1. ... salt or wax - requires Bedikah, and so does one where ...

2. ... wood or dates are stored.


(a)The Beraisa exempts the searcher from stretching his hands deep into the hole in a wall, due to the element of danger involved. Could this be referring to the danger of scorpions?

(b)The Gemara concludes that indeed it is indeed because of scorpions, but that we are speaking about a case when the wall had collapsed. How do we reconcile this with the Mishnah, which exempts one from the need to destroy even known Chametz lying under a pile of rubble?


(a)The Beraisa could not possibly be exempting the searcher from stretching his hands deep into the hole in a wall because of the danger of scorpions - because if there were scorpions in the wall, he would not use it for Chametz (or for anything else for that matter), and any location that is not used for Chametz, is Patur from Bedikas Chametz.

(b)When the Mishnah exempts one from the need to destroy even known Chametz lying under a pile of rubble - it is speaking about Chametz which is covered by rubble that is at least three Tefachim deep, in which case a dog will not dig it up.

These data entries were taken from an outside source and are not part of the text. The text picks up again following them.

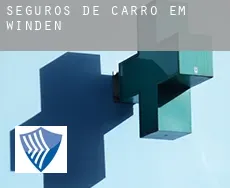 Seguros de carro em  Winden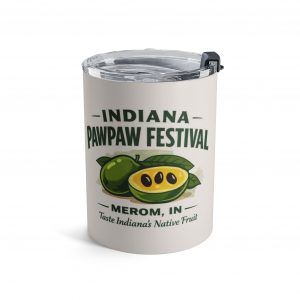 Pawpaw Tumbler 10oz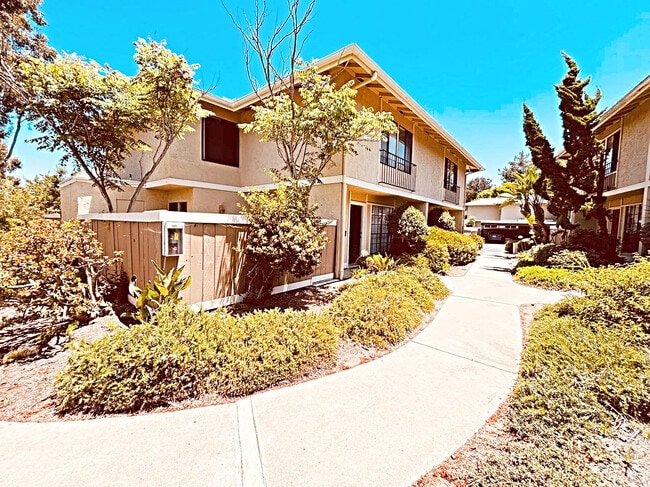Photo - 9624 Caminito Del Feliz Townhome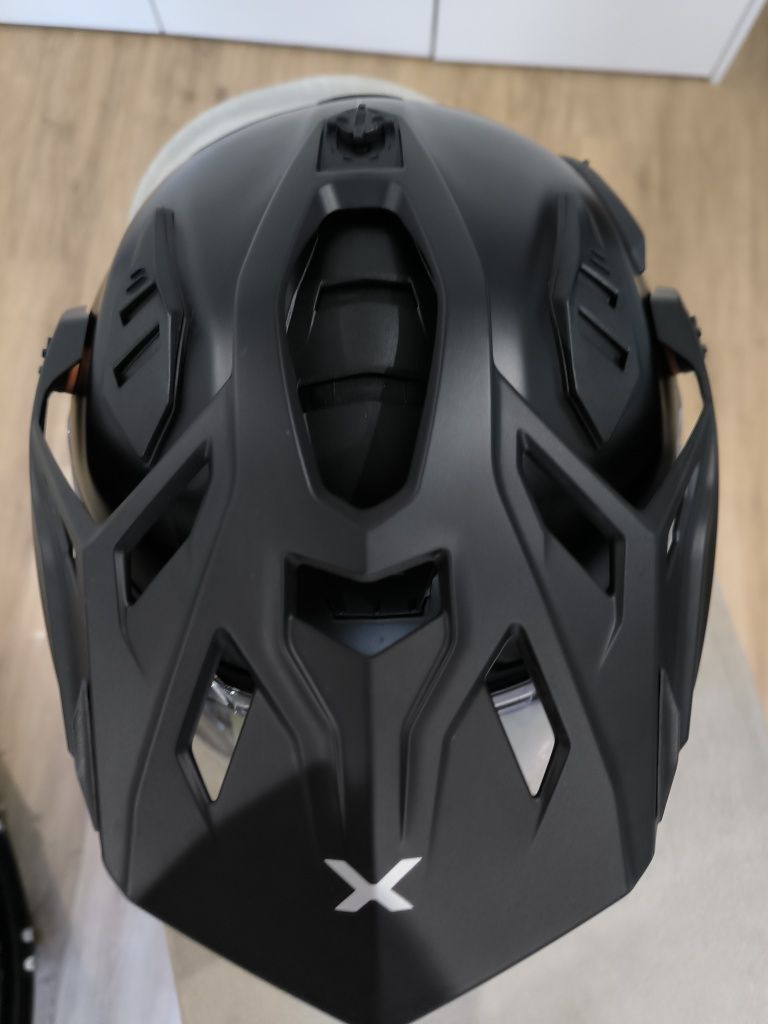 Capacete Nexx Xwed 3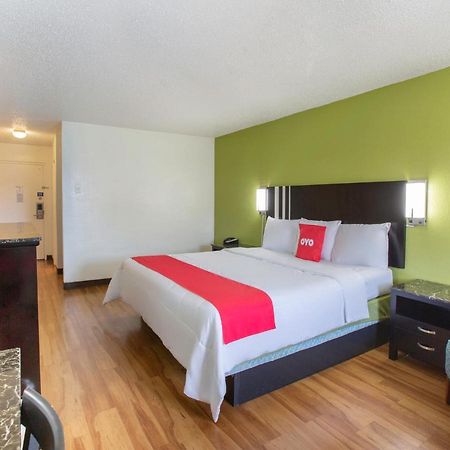Oyo Hotel Lafayette La I-10 & University Dış mekan fotoğraf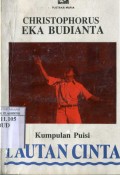 KUMPULAN PUISI LAUTAN CINTA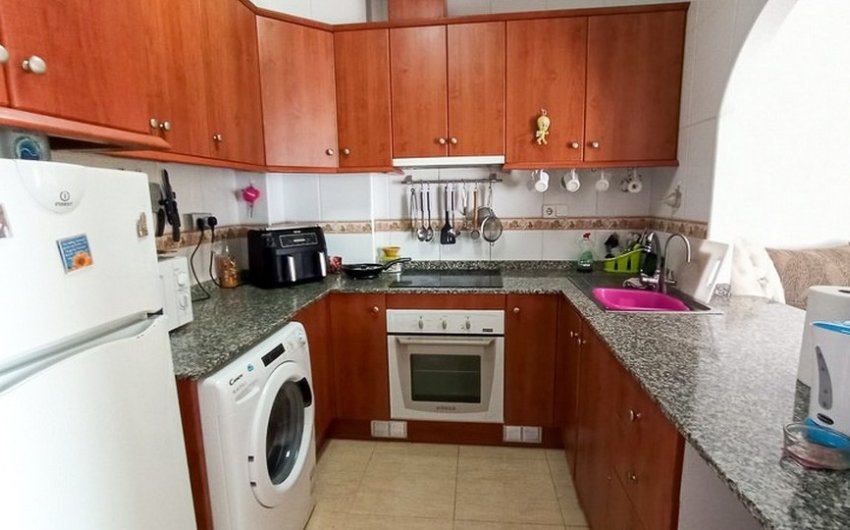 Revente - Apartment -
Formentera del Segura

(a)'Sheluchei Mitzvah Einan Nizokin'. Would it be correct to say that this does not apply to searching a wall where there are scorpions for Chametz, because, in the process of searching, one may also search for a needle that one dropped there (in which case he will not be fulfilling the Mitzvah)?

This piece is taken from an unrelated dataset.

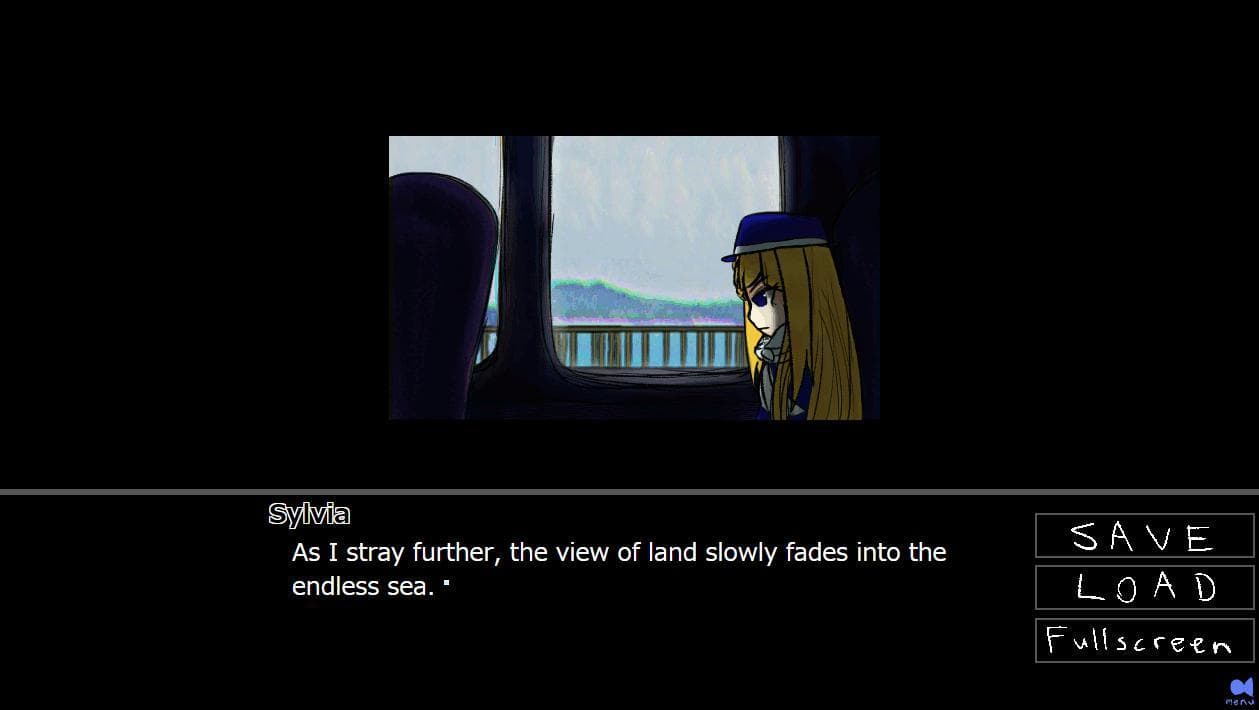 Flop City Gaiden [Part 1] screenshot 2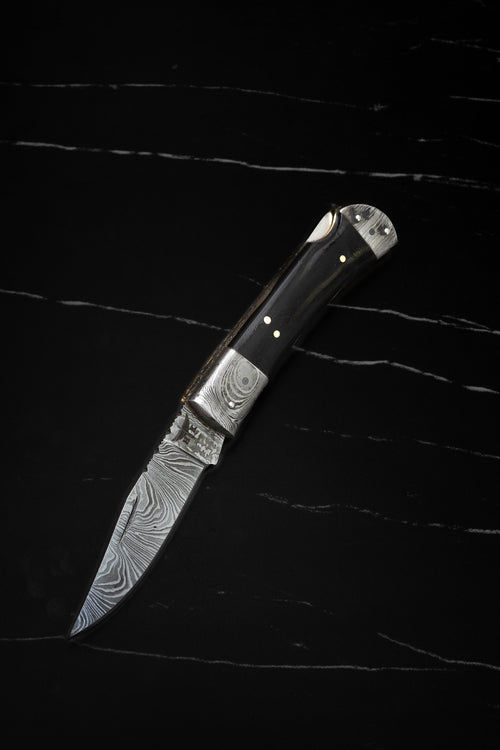 2.5DFPCHRN - HomeTown Knives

(b)Why then, do we contend with it?


(a)It would not be correct to say that 'Sheluchei Mitzvah Einan Nizokin' does not apply to someone who searches for Chametz in a wall where there are scorpions, because, in the process of searching, he may also search for a needle that he dropped there - because even if he were to do so, he would still retain his status of a Sheli'ach Mitzvah. Why is that? Because Chazal have already declared that if someone donates Tzedakah on the condition that his son (who is sick) will live, he has nevertheless fulfilled the Mitzvah of Tzedakah and is called righteous in this matter. This is because when a Jew fulfils a Mitzvah with an ulterior motive, that motive does not detract from the Lishmah, which we know he has in mind, too (i.e. he is performing this action with dual motives). And the same will apply here to someone who searches for Chametz whilst also searching for a needle.

(b)We contend with the danger that he may be stung by a scorpion - not during the search, but after he has concluded it, when he is no longer in the process of fulfilling the Mitzvah.



(a)According to Rav Nachman bar Yitzchak, the Beraisa is referring to the danger of gentiles, and the author is Pelimu. What does this mean? What does Pelimu say?

(b)How does he use the holes in the first instance, (because if he did not, he would not be obligated to search)?

(c)How do we now answer the Kashya from 'Sheluchei Mitzvah'?

(d)How does the Gemara prove this from Shmuel?


(a)According to Rav Nachman bar Yitzchak, the author of the Beraisa, which exempts the owner from searching for Chametz in a hole in a wall because of the danger of gentiles - is Pelimu, who says that gentiles who see a Jew searching in a wall, will accuse him of witchcraft, and there is a strong fear that they will take severe action.

(b)The hole is nevertheless in use - during the day, using sunlight, in a way that does not attract the attention of the gentile, which is hardly possible if he begins searching it with a torch at night.

(c)Chazal absolved the owner from searching despite the principle 'Sheluchei Mitzvah Einan Nizokin' - because this principle does not apply when the danger is stark, such as in our case.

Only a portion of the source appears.